» **Exercise brief**:
Tally the lines below that contain the word "Boys", then give the tally and nothing more.

» **Provided data**:
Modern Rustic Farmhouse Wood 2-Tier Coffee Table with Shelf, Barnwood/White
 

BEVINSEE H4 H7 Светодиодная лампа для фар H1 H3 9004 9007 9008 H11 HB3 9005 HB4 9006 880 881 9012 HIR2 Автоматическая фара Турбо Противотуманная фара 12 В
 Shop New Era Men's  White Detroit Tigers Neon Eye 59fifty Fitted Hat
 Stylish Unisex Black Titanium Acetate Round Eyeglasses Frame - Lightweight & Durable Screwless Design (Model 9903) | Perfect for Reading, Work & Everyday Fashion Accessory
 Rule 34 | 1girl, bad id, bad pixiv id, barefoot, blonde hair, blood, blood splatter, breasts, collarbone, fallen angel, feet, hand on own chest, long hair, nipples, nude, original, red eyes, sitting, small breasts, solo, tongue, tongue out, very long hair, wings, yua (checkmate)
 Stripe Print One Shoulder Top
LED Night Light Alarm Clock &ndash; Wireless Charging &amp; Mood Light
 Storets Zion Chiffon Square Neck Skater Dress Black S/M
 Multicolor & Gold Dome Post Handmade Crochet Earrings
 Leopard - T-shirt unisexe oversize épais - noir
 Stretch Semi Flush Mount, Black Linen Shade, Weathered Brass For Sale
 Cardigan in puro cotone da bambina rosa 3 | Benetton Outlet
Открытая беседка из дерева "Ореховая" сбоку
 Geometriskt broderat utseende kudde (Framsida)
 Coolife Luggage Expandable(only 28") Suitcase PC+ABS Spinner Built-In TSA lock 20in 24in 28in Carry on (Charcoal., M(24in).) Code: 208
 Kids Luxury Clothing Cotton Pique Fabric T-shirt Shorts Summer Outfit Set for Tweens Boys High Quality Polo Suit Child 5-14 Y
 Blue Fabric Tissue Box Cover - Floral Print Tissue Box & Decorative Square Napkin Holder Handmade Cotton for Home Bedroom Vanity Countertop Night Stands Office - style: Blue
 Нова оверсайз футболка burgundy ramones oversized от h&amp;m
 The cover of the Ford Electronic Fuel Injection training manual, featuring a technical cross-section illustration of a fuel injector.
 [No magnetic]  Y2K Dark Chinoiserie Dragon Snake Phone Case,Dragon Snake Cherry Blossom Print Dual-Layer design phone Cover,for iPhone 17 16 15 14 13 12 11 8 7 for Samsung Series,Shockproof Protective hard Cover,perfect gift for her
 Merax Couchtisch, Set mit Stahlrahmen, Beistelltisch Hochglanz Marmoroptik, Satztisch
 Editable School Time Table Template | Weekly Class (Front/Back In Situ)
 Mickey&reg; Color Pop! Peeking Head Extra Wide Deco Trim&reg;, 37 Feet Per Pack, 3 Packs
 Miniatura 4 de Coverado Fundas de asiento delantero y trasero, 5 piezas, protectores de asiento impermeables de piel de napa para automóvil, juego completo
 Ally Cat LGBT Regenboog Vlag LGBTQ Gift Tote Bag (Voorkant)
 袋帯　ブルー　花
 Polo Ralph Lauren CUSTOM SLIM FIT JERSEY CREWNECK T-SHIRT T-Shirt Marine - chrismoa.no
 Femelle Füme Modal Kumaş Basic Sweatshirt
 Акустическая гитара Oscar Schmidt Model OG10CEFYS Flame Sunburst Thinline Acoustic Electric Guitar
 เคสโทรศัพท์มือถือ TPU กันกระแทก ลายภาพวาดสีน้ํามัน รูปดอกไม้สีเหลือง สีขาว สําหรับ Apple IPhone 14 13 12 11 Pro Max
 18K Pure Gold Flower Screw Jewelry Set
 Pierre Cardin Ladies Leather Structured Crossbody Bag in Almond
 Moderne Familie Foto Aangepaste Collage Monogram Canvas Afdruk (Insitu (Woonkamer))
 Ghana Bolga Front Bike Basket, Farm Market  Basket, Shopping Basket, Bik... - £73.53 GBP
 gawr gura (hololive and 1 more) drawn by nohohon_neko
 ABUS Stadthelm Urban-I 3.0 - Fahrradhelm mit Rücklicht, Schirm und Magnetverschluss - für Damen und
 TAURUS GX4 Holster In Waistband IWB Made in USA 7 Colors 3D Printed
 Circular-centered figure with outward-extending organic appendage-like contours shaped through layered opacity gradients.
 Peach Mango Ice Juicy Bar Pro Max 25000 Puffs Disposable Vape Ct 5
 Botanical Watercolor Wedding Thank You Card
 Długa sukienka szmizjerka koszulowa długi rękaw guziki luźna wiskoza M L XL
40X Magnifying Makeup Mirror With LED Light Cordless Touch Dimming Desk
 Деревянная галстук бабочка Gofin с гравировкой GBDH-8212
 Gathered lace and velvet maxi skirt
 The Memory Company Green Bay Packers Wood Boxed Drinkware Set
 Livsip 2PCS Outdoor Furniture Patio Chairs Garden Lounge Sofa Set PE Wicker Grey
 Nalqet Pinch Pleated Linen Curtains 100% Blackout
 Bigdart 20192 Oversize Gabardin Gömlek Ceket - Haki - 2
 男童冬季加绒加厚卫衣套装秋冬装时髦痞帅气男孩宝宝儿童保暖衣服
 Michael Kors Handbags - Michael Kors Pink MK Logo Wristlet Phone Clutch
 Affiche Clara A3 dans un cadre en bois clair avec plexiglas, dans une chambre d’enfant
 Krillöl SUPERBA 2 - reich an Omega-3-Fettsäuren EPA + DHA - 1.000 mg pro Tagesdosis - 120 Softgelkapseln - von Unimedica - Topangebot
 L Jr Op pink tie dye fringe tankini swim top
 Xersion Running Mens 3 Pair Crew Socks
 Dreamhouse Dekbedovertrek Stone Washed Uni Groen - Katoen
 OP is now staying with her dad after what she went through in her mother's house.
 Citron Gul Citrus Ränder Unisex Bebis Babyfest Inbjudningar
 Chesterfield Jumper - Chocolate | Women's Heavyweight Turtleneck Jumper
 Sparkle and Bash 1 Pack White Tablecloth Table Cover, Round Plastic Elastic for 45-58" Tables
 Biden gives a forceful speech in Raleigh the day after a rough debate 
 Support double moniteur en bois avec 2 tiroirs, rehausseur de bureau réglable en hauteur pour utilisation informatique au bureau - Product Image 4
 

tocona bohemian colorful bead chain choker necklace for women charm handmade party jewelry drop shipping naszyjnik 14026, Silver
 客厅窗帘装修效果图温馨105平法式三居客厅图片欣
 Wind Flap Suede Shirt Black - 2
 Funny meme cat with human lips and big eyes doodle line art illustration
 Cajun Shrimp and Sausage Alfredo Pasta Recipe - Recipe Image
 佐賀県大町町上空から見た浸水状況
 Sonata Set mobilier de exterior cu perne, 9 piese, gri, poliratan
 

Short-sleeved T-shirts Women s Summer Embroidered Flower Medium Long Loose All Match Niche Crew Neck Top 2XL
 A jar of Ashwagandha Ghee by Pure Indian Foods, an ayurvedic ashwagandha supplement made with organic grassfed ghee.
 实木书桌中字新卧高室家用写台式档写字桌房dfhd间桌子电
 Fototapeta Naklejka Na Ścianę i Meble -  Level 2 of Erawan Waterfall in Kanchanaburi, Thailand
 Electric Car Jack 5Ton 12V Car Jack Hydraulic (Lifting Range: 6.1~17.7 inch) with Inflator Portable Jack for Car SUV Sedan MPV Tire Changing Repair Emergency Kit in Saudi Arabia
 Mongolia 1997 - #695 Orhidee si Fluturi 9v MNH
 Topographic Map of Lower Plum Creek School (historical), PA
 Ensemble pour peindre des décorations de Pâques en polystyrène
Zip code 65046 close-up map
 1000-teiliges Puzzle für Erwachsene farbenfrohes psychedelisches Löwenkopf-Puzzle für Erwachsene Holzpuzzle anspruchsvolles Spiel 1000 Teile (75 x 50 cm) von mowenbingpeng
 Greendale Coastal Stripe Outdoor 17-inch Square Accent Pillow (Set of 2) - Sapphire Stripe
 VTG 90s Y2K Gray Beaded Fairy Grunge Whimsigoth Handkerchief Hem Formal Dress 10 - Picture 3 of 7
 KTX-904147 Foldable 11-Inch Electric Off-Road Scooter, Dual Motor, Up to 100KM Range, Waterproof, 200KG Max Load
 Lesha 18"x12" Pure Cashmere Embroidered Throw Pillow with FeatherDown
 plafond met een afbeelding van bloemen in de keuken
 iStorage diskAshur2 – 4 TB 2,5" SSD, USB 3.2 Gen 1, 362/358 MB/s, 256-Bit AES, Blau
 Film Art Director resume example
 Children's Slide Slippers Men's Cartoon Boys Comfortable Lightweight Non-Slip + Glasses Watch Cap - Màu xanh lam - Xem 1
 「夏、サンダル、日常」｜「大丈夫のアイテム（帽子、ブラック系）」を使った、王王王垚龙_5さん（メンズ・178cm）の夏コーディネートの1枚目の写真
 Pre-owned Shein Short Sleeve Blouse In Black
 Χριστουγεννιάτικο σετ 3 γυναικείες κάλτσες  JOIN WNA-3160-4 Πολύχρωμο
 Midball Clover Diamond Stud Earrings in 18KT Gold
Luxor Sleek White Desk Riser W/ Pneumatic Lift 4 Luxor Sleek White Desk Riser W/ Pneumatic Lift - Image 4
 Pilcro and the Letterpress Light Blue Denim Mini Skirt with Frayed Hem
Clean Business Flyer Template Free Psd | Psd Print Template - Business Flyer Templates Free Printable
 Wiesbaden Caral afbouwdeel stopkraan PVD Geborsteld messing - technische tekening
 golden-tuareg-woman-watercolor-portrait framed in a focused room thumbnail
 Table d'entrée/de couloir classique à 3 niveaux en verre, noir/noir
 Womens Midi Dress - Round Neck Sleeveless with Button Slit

» **Expected answer**:
2